The IPO capitalisation at $1.44 billion is ten times the present value of its capital at $111 million up to June 2022. Regency Petroleum, with its compound growth rate and profit margin at 19 per cent in 2022, should grow its value over time. That, however, remains to be seen in its future financials.
Regency made a $59 million net profit over 12 months to December 2021 and $39 million over six months to June 2022.
The company hired GK Capital as its broker to raise $287 million in its IPO.

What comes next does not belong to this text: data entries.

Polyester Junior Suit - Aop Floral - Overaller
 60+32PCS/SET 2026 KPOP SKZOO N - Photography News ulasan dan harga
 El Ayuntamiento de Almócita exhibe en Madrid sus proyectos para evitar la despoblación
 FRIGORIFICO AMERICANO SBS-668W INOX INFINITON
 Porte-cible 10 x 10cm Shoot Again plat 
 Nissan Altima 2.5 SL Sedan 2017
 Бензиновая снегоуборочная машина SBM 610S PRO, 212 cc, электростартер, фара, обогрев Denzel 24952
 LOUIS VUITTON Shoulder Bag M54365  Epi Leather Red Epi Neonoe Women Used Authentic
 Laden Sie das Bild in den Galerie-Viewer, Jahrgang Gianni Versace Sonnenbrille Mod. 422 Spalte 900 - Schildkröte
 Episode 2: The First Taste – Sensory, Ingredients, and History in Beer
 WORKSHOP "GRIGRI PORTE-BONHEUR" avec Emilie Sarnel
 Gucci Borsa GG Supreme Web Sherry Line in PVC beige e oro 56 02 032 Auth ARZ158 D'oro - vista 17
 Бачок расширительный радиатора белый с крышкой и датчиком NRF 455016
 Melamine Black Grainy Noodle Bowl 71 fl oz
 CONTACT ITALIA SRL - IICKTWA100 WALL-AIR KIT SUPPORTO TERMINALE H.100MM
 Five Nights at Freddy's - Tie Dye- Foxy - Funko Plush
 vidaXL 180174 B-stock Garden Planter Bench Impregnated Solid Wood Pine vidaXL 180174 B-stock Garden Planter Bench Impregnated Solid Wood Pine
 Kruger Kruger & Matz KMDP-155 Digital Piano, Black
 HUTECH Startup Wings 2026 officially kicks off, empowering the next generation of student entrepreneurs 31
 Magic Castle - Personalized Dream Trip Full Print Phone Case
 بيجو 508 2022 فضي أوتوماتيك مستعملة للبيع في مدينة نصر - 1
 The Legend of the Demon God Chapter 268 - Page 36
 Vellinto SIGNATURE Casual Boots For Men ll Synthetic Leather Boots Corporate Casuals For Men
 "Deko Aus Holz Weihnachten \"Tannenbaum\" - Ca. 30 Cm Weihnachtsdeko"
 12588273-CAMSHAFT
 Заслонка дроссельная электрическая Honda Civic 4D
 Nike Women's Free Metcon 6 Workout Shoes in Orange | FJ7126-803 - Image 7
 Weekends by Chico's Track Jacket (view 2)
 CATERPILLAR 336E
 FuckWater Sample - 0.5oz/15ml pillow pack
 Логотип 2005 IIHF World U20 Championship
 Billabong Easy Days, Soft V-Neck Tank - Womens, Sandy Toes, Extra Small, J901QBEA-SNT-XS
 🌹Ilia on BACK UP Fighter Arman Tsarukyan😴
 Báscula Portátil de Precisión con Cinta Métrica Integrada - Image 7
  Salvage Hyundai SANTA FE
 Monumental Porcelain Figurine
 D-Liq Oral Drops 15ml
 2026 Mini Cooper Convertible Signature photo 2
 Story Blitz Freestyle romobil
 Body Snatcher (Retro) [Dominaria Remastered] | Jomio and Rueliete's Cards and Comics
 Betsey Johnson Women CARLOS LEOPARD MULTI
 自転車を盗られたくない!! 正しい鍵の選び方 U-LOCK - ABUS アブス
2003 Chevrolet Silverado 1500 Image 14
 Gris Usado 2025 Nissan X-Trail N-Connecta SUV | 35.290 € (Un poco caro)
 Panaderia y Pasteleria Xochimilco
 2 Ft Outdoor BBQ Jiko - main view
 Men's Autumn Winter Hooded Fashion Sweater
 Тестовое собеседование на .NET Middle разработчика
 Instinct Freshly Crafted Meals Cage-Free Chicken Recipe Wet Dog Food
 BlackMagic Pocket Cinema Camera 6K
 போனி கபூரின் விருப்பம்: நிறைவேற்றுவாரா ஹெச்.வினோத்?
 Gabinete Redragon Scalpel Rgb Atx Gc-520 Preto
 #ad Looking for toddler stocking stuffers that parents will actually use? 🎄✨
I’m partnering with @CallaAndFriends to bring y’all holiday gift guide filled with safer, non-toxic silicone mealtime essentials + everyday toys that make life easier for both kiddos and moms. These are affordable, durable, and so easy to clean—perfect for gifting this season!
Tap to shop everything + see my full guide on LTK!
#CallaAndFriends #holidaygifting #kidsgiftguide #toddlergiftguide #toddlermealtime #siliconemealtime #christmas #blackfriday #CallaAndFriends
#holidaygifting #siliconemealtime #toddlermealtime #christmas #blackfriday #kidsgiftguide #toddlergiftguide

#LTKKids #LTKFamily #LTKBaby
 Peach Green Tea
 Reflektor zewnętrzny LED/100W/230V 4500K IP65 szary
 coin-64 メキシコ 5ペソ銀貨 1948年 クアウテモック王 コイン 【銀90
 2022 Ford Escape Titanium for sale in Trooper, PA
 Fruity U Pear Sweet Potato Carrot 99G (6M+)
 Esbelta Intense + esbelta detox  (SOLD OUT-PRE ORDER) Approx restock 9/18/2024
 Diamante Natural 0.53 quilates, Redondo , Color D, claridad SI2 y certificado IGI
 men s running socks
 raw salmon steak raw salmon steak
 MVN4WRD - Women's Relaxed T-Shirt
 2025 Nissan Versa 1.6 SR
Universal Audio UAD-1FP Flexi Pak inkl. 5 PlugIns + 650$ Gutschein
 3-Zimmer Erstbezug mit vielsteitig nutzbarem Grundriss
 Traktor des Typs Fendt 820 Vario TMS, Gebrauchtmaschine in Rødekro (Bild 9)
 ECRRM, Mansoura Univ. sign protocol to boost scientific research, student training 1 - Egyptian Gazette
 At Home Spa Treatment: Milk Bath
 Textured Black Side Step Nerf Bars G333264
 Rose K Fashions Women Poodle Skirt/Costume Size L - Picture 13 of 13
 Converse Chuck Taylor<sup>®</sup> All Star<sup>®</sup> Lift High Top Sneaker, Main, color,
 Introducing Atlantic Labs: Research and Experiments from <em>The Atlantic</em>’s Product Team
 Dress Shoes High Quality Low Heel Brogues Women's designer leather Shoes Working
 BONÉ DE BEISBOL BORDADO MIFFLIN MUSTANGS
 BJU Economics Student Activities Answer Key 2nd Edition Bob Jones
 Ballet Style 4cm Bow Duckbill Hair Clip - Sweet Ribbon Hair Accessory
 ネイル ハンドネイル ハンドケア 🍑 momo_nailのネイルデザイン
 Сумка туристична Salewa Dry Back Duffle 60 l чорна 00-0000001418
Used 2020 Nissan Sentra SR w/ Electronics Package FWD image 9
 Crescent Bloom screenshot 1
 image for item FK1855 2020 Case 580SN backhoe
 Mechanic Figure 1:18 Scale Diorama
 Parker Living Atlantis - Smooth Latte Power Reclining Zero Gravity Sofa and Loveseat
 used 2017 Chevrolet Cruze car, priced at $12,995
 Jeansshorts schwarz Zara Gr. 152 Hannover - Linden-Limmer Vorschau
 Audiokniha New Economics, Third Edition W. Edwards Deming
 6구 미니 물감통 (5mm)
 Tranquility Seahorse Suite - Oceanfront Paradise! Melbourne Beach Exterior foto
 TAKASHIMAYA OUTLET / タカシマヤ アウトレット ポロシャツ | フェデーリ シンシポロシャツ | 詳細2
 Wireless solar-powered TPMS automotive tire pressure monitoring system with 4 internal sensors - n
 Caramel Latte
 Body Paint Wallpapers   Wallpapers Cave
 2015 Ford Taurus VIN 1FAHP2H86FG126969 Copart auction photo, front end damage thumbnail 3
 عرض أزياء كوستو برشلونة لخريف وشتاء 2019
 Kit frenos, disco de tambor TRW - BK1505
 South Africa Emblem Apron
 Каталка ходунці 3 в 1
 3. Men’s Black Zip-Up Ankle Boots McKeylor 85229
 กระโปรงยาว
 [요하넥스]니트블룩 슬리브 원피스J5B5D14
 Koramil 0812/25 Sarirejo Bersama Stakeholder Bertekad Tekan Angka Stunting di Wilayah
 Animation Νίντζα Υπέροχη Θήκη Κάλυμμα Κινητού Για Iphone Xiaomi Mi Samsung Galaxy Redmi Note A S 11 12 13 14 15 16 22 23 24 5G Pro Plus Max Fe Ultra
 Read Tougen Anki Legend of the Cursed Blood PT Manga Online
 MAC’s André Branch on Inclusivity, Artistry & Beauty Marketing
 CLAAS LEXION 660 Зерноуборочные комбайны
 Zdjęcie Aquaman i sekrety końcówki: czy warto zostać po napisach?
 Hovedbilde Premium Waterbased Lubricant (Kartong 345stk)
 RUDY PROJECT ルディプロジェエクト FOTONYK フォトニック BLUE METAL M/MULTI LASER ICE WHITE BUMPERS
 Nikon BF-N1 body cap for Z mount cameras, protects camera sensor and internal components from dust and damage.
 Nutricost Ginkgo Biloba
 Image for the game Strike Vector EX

A successful IPO would result in the company liquidating its debt at approximately $160 million. In addition to debt reduction, $75 million will go towards the construction of its Paradise Pen service station in support of the automotive segment. Then $30 million will go to the expansion of its cylinder business to meet growing demand.
This new service station will incorporate modern technology and equipment and feature a state-of-the-art convenience store. Construction is expected to be completed by the end of 2022 with the location set to open by the end of the first quarter of 2023.
As for the cooking gas market, Williams told Loop News: “Currently, we are only on the western side of the island – Westmoreland, St Elizabeth, parts of Handover and St James, which in proportion to the entire island, I don’t think we have reached one per cent as yet”.
The company’s current footprint is “good” and leaves a lot of room for growth,” he said.
But with the targeted areas representing about seven per cent of the entire market for household gas, according to Williams’ guesstimate, RPL has much more room to grow and expand.
“For two [to three] parishes to make up seven per cent of the market, we are hoping to capture at least two per cent in the first year,” he said.
Regency Petroleum CEO Andrew Williams
RPL has been inspired to enter the eastern side of the island due to the density of the population, the CEO said.
The population there is [more] concentrated than any other part of the island. We can be very competitive in the corporate area… when it comes unto LPG,” Williams said.
RPL is now looking for land to buy in Kingston for a fourth gas station and will set up a distribution site for its cooking gas segment, he said.”For logistics, when we set up a location there, it will be more optimal for us, considering the density of the areas,” he said.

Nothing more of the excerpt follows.